Is the fourth quarter 2011 fall in real GDP of 0.2% a harbinger of worse to come, or just a blip? The question cannot be answered with much certainty. However, the Economic Review that was published by the ONS today along with the estimate of fourth quarter GDP does provide some food for thought.
Overall, the economy has still to recover 55% of the output lost in the recession. That is, GDP is around 4% below its pre-recession peak. It is the production sector and construction that is displaying the greatest weakness, with manufacturing (-0.9% in the quarter) contributing most to the decline, while the service sector slowly recovers - see chart:
But mining and quarrying also contracted by -1.1% in the quarter and the ONS cites the drop in North Sea Oil production as a key factor. Indeed, the sustained weakness of oil production in the UK is shown to be a contributory factor in the weakening UK trade position.
The ONS notes
The deficit on trade in petroleum and petroleum products of £4.5 billion in the three months September to November is almost three times the £1.4 billion deficit in the same period of 2010. An important factor behind this fall has been a 16 per cent drop in crude oil export tonnage as a result of falling North Sea output.
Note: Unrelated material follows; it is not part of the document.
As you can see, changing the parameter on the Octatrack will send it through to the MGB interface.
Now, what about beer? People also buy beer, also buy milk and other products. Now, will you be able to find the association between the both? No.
The volume of crude oil exports has now fallen by about 20 per cent from 2009 levels, and has more than halved since 2001. The corresponding volume of imports has increased by nearly 40 per cent since 2001, and by more than 11 per cent over the past year.
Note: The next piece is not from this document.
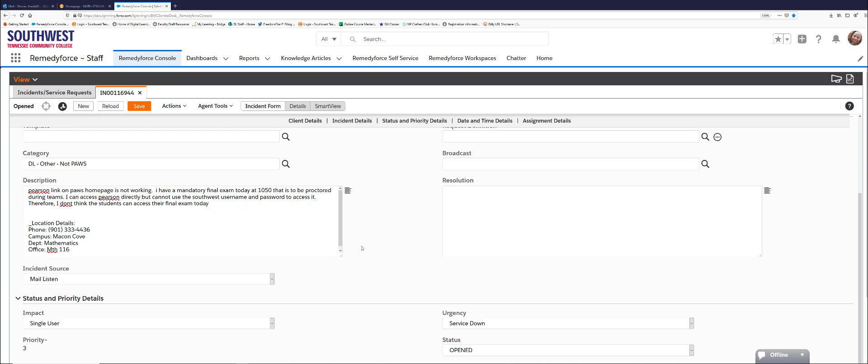I can't use the Southwest username and password because I believe you have to create your own password on Pearson, and therefore I don't think the students can access their final exam today. What is the indication that the Pearson link isn't working in PAWS?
On the day that Alex Salmond launches his pitch for Scottish independence these oil production and trade figures must be a major worry for the nationalist cause.
The near term prospects for production output, which contributes 15% to overall UK GDP do not look promising, as this chart shows
Most of the broad product groupings are either exhibiting a downward trend or flat growth. The downward contribution of energy is clear, as is the contribution of intermediate goods. Moreover, both consumer durable and non-durables are contributing little to growth, with no sign of an upturn. This clearly reflects the state of UK consumer demand as households continue to pay down debt and deal with declining real incomes.
And services?
The ONS Review highlights the role of Government & other services in recent growth as the chart shows.
The performance of Business services & finance is encouraging and should support future growth. But with fiscal consolidation beginning to bite the contribution from Government & other services might be expected to diminish.
The recovery was meant to be based on a switch from domestic to external sales, from consumption to investment, and from public to private. There is little evidence of this occurring much in these latest statistics.
These data suggest that we might expect to see more negative GDP growth in the UK in the first half of this year, or at best stagnation.